The risk here is version skew: auth team ships the SPI JAR before theme has the page, or vice versa. Mitigations:

- **Fallback template**: auth team can ship a minimal default `select-tenant.ftl` in their SPI JAR so Keycloak doesn't 500 if the theme hasn't caught up. Keycloak resolves theme templates first, but falls back to provider-bundled ones.
- **Feature flag the authenticator**: keep it out of the active flow until both JARs are in prod. Toggle via Terraform realm config.
- **Same-release coordination**: for flows where fallback is ugly, cut both releases together — theme v1.5.0 + SPI v0.3.0 in the same change window.

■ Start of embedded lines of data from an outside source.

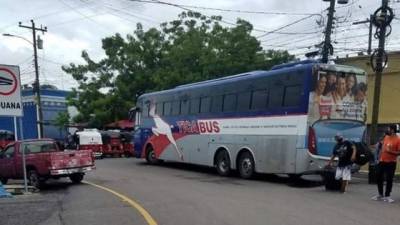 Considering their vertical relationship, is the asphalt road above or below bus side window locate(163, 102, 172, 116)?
below

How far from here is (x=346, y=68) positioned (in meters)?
17.9

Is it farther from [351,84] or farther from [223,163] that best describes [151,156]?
[351,84]

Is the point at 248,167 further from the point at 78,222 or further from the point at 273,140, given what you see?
the point at 78,222

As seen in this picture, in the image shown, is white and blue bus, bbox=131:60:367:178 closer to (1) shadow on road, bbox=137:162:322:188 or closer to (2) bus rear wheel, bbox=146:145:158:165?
(1) shadow on road, bbox=137:162:322:188

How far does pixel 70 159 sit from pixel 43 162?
886 mm

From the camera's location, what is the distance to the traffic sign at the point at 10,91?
1508 centimetres

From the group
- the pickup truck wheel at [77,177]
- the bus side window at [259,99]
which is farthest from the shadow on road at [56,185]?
the bus side window at [259,99]

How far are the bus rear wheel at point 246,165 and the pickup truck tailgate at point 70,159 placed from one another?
520 centimetres

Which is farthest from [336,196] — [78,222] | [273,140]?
[78,222]

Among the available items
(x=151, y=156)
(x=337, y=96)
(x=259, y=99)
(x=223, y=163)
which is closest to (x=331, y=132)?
(x=337, y=96)

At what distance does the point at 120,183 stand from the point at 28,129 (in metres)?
46.0

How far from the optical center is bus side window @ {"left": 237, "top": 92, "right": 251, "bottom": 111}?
19.9m

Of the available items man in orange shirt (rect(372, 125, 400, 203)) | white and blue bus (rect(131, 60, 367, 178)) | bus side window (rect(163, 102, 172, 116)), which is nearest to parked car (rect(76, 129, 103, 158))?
bus side window (rect(163, 102, 172, 116))

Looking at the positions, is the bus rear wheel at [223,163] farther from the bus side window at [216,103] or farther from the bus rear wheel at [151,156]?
the bus rear wheel at [151,156] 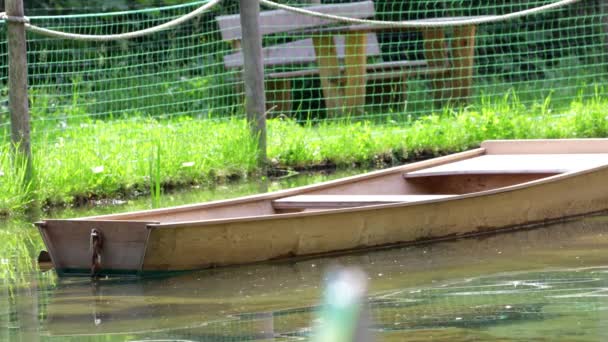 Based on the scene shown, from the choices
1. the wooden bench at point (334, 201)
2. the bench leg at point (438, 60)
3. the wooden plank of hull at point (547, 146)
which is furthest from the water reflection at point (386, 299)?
the bench leg at point (438, 60)

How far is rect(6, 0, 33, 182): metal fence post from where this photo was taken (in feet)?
20.3

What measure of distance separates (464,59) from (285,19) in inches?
67.6

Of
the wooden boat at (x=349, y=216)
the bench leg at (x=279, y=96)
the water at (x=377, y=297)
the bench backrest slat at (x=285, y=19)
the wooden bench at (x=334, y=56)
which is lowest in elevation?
the water at (x=377, y=297)

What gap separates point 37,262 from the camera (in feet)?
16.0

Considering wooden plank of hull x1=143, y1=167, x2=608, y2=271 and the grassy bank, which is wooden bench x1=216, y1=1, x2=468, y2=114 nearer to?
the grassy bank

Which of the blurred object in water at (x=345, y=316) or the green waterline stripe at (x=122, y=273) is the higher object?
the blurred object in water at (x=345, y=316)

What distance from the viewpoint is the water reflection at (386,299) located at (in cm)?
346

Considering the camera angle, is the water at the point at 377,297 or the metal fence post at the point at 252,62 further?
the metal fence post at the point at 252,62

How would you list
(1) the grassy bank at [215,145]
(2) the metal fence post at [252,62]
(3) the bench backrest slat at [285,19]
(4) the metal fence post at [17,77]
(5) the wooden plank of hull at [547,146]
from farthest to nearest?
(3) the bench backrest slat at [285,19] < (2) the metal fence post at [252,62] < (1) the grassy bank at [215,145] < (5) the wooden plank of hull at [547,146] < (4) the metal fence post at [17,77]

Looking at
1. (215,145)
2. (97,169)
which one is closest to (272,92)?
(215,145)

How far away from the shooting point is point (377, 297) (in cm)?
396

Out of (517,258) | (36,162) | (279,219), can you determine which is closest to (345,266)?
(279,219)

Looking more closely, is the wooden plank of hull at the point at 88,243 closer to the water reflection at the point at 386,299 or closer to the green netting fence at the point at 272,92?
the water reflection at the point at 386,299

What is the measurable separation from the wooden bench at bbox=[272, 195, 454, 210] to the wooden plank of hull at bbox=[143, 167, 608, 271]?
139 mm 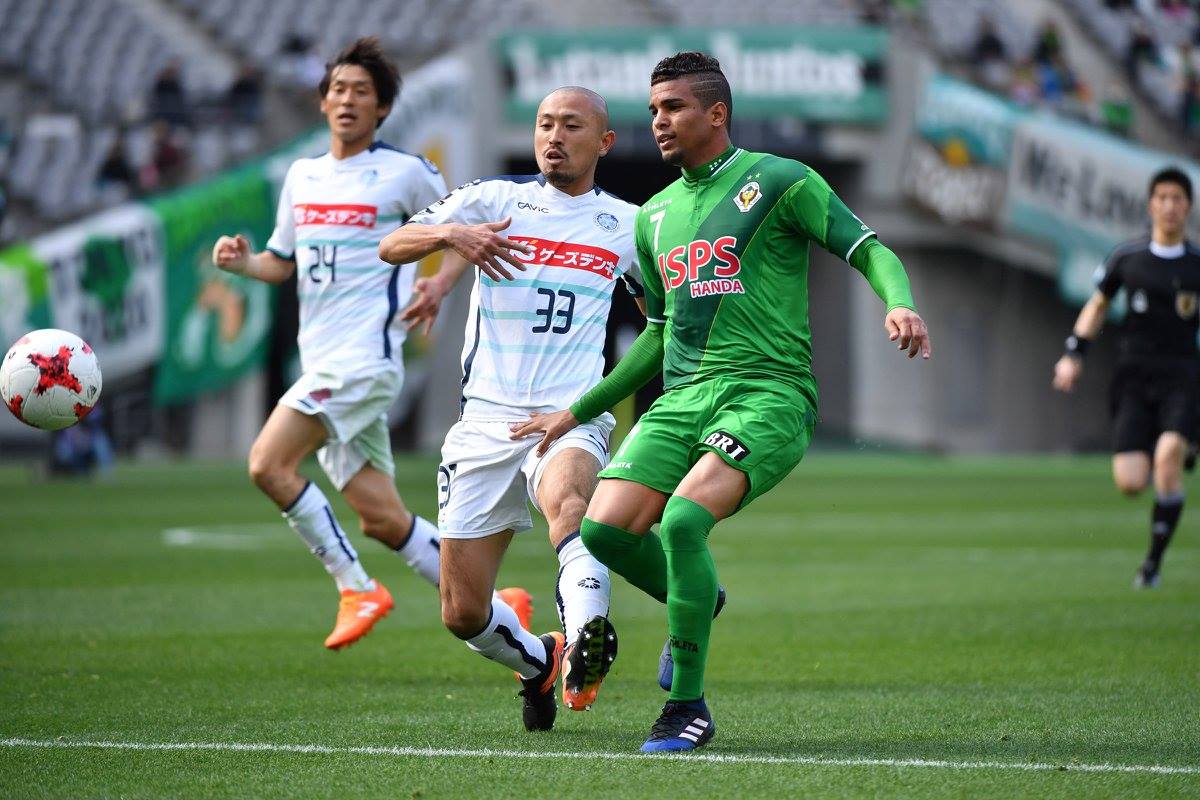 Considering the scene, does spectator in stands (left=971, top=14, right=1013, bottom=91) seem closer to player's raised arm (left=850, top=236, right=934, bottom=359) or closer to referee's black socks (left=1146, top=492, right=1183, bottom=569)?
referee's black socks (left=1146, top=492, right=1183, bottom=569)

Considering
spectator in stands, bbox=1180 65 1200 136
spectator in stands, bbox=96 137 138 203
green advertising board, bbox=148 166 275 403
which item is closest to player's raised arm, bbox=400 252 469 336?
green advertising board, bbox=148 166 275 403

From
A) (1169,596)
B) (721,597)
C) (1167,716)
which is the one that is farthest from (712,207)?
(1169,596)

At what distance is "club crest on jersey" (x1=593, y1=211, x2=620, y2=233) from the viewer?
6734 mm

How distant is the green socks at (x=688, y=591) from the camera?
5.77m

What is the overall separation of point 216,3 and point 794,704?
90.3 ft

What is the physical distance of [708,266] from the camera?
6.10m

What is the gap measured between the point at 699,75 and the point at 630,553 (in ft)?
5.33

### Things that are *not* possible this way

- **Fully custom non-Keycloak UI for the extra step** — e.g., hosting the tenant selector in your own SPA and then resuming the Keycloak flow. Technically doable via `ACTION_TOKEN` and custom required actions, but it's a lot of machinery and loses Keycloak's CSRF/session protections mid-flow. Don't go here unless you have a strong reason.
- **Client-side-only steps** — anything that must influence token claims has to run server-side in the authenticator. JS in the Keycloakify page can enhance UX but can't be trusted for authz decisions.

## Gotchas

- **Asset URLs behind CDN/reverse proxy**: Keycloak emits asset paths based on `KC_HOSTNAME` / `KC_PROXY_HEADERS`. Get these wrong and your theme's CSS/JS 404s only in staging/prod. Test with production-equivalent ingress in at least one pre-prod env.
- **`kc.sh build` in optimized mode**: if you run Keycloak with `--optimized`, you must rebuild after adding a provider JAR. Bake it in.
- **Freemarker escape**: Keycloakify handles this, but any string you render from `kcContext` inside `dangerouslySetInnerHTML` is a footgun. Don't.
- **i18n**: message bundles live in `src/login/i18n.ts`. Missing keys fall back to Keycloak defaults, which look out of place. Add a test that fails on missing keys for your supported locales.
- **Version coupling**: Keycloakify releases track Keycloak majors. Upgrading Keycloak → upgrade Keycloakify → regenerate `kc.gen.ts` → re-test every page. Don't skip majors.
- **Account console v2/v3**: Keycloak 24+ ships a React-based account console. If you're customizing that, it's a different Keycloakify entrypoint than login — check which version your Keycloak runs.